What you have to do
There are pictures in the records below; leave them out and set down exactly the lines from the one holding "Handmade Floral Bouquet Crochet Blanket" through the one holding "TOPDesign 1-Pack Canvas".

Data for processing
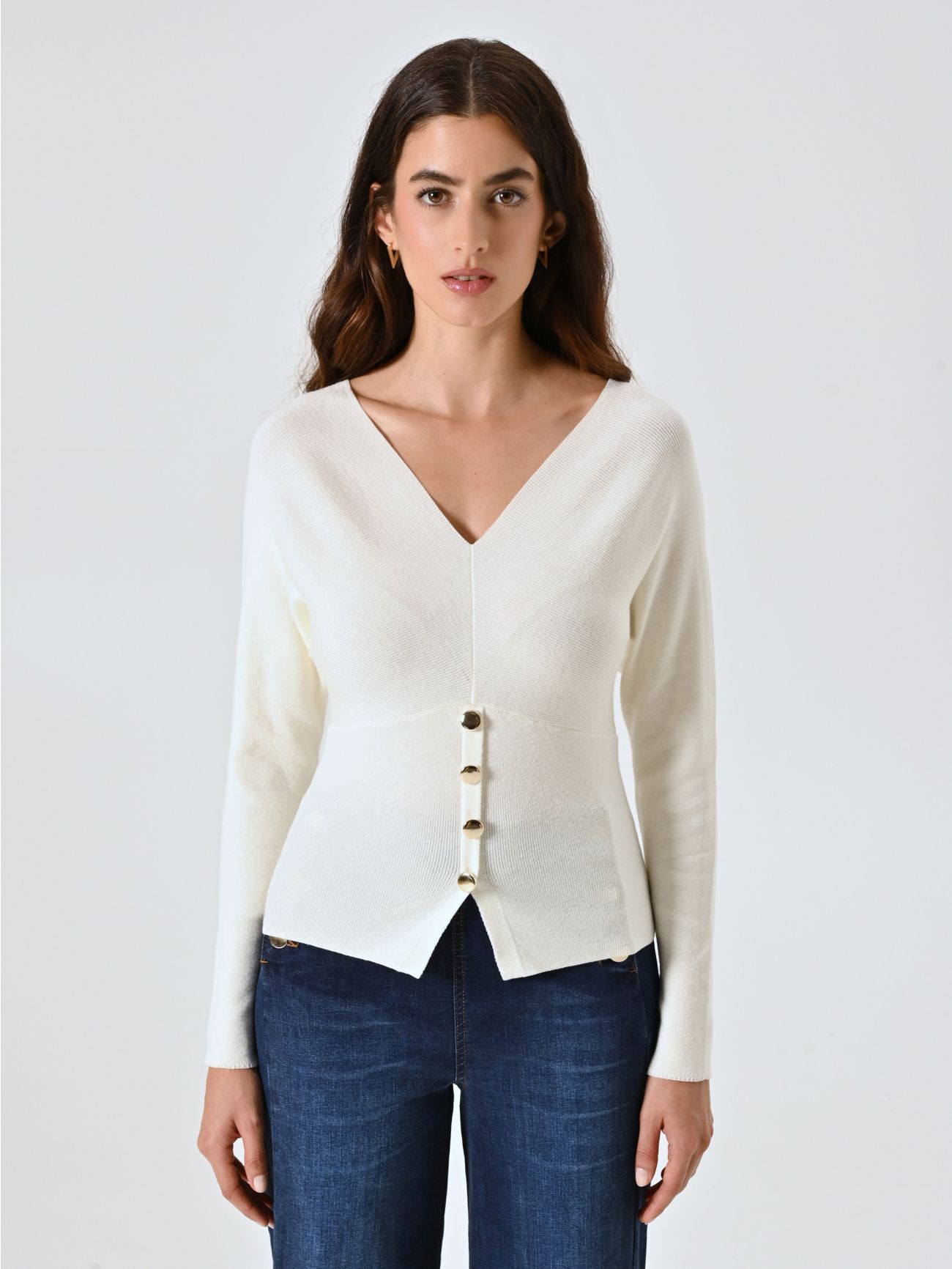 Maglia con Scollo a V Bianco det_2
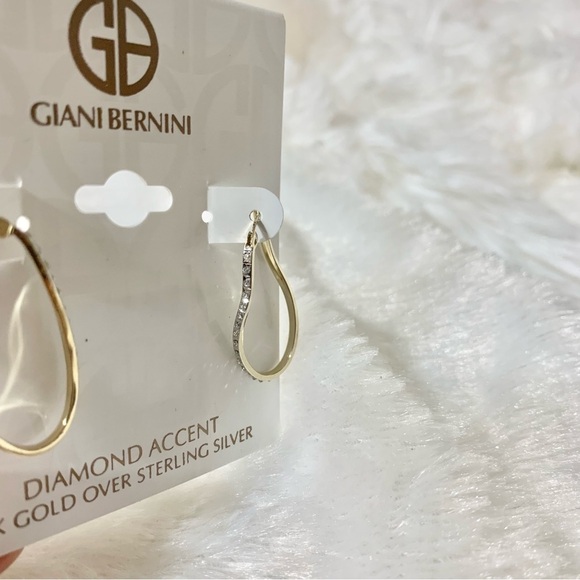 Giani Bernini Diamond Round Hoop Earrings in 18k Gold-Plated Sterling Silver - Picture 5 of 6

---

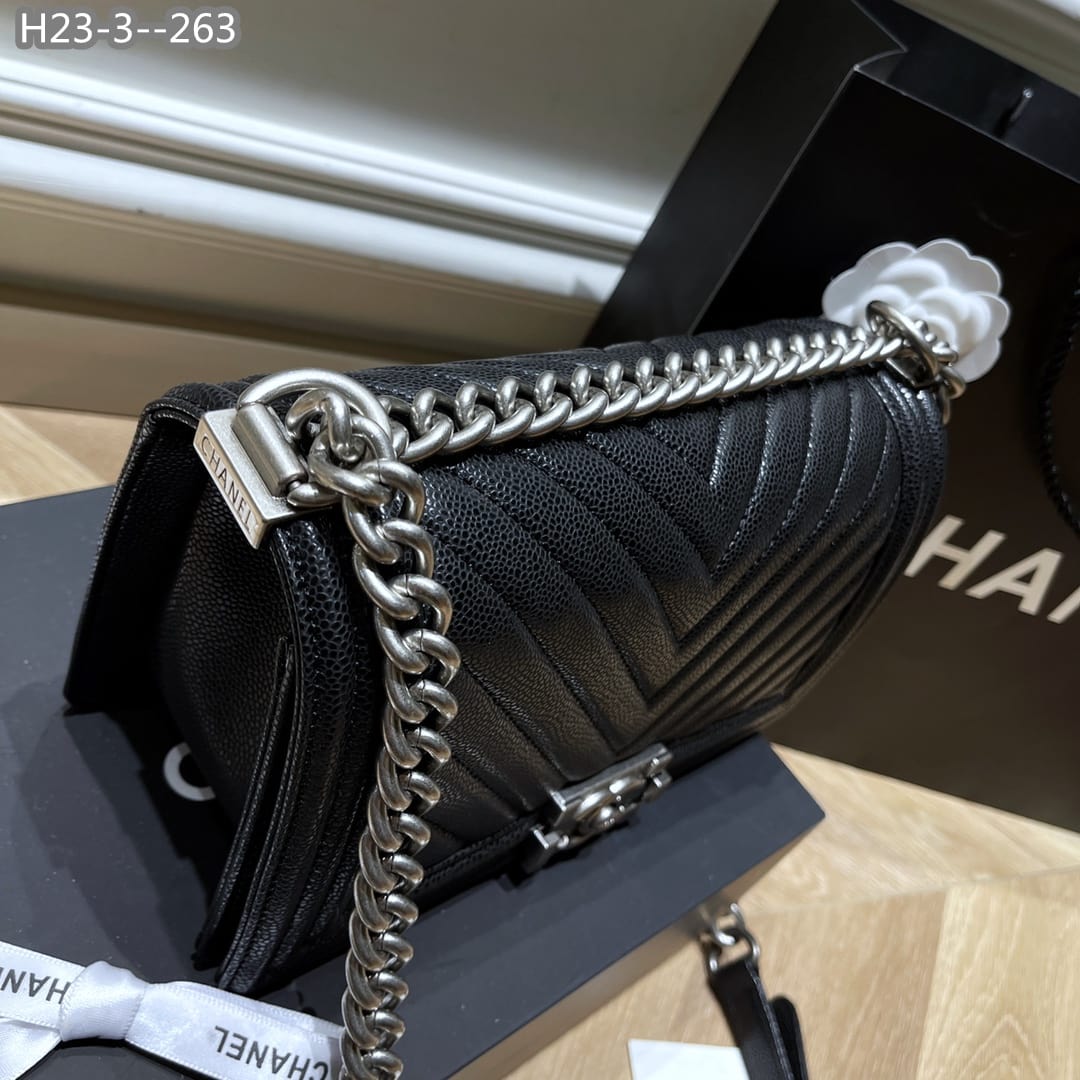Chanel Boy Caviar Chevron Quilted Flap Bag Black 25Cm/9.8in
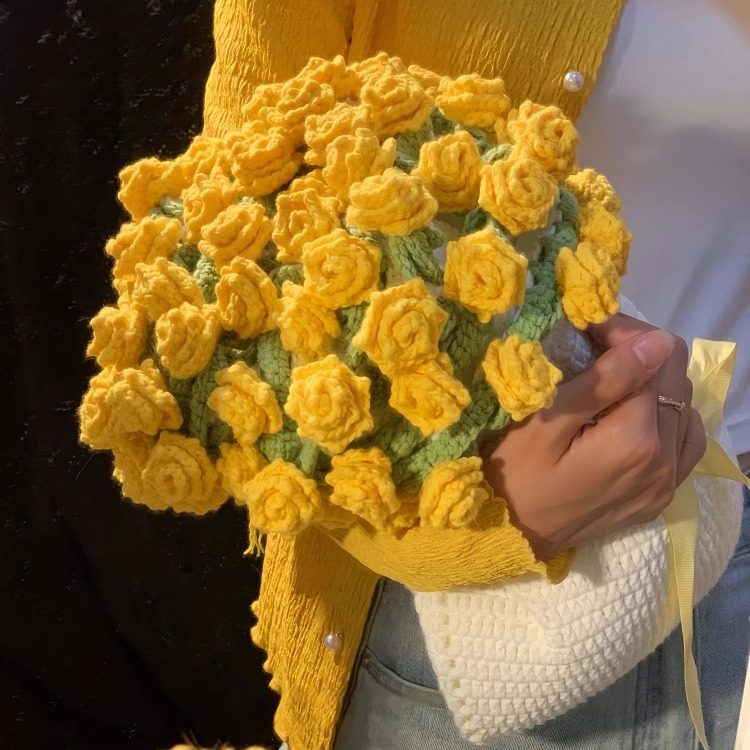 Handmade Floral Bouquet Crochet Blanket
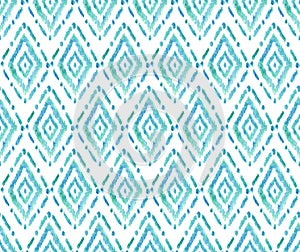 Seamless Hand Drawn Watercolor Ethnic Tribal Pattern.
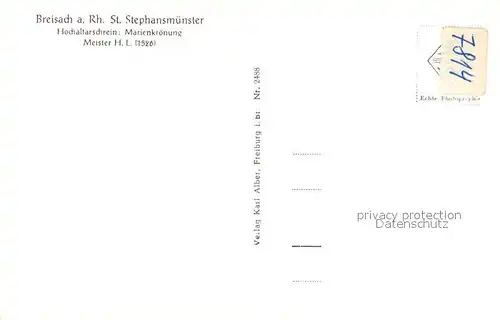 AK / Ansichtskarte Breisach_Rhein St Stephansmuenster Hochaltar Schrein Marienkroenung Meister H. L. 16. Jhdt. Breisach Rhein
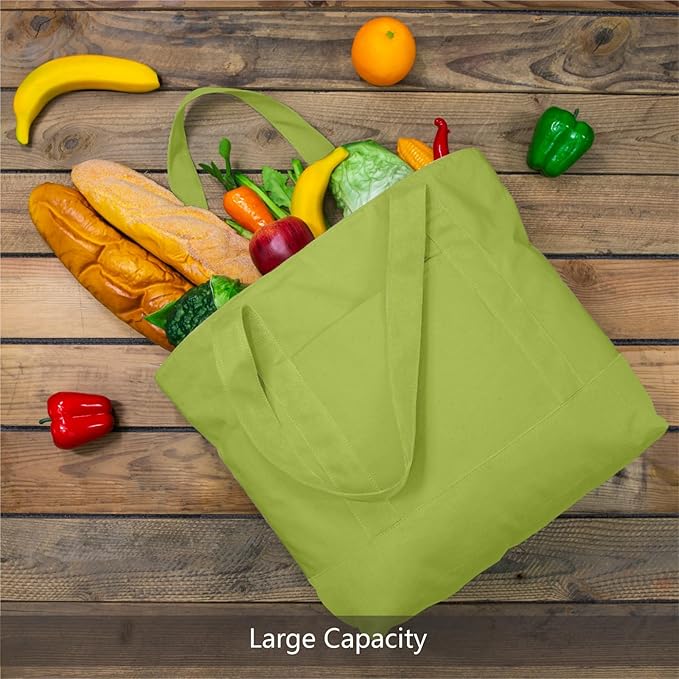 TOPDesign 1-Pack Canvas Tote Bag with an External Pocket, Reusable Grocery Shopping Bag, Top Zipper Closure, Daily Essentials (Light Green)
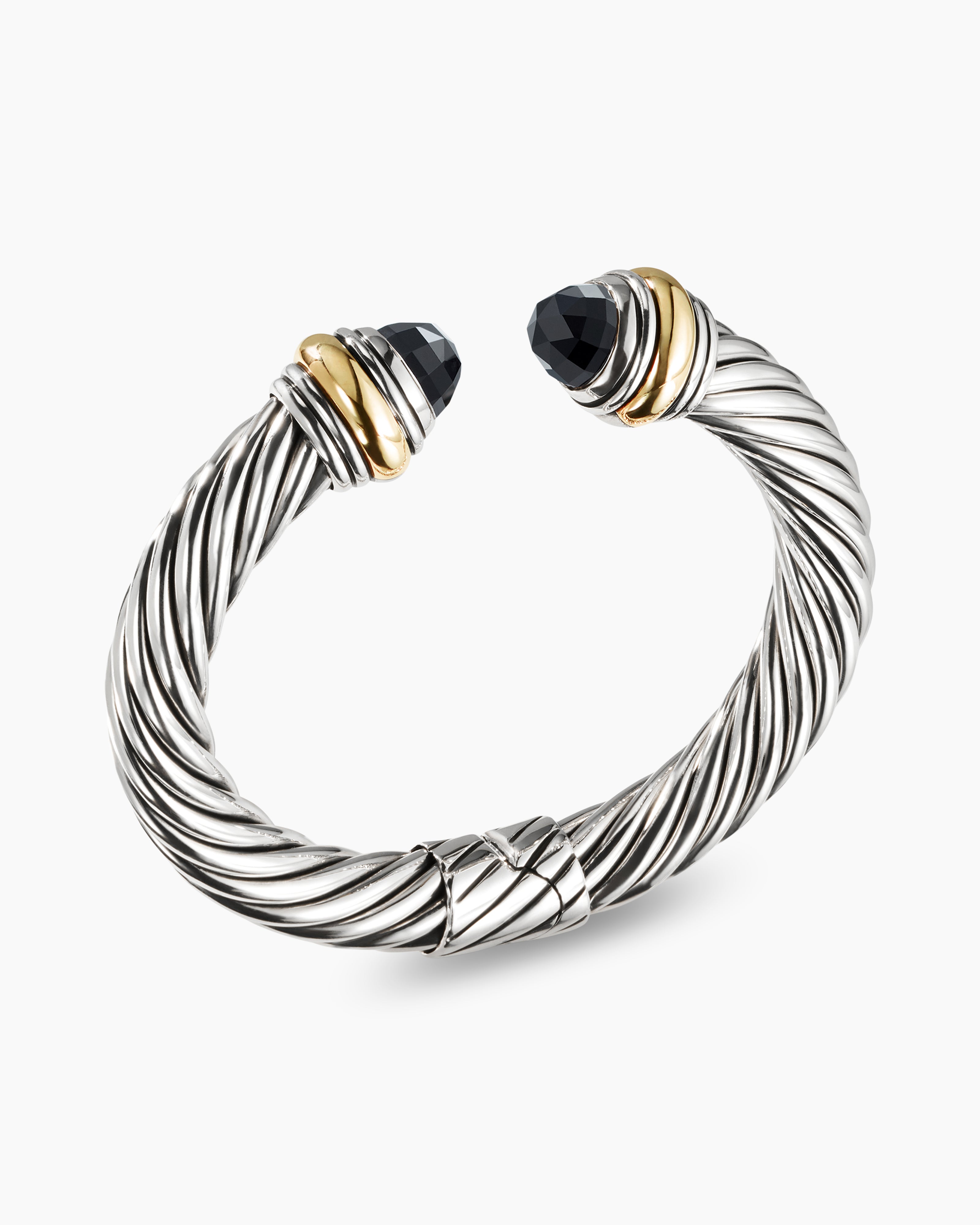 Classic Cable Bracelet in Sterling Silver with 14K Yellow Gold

Completed exercise
 Handmade Floral Bouquet Crochet Blanket
 Seamless Hand Drawn Watercolor Ethnic Tribal Pattern.
 AK / Ansichtskarte Breisach_Rhein St Stephansmuenster Hochaltar Schrein Marienkroenung Meister H. L. 16. Jhdt. Breisach Rhein
 TOPDesign 1-Pack Canvas Tote Bag with an External Pocket, Reusable Grocery Shopping Bag, Top Zipper Closure, Daily Essentials (Light Green)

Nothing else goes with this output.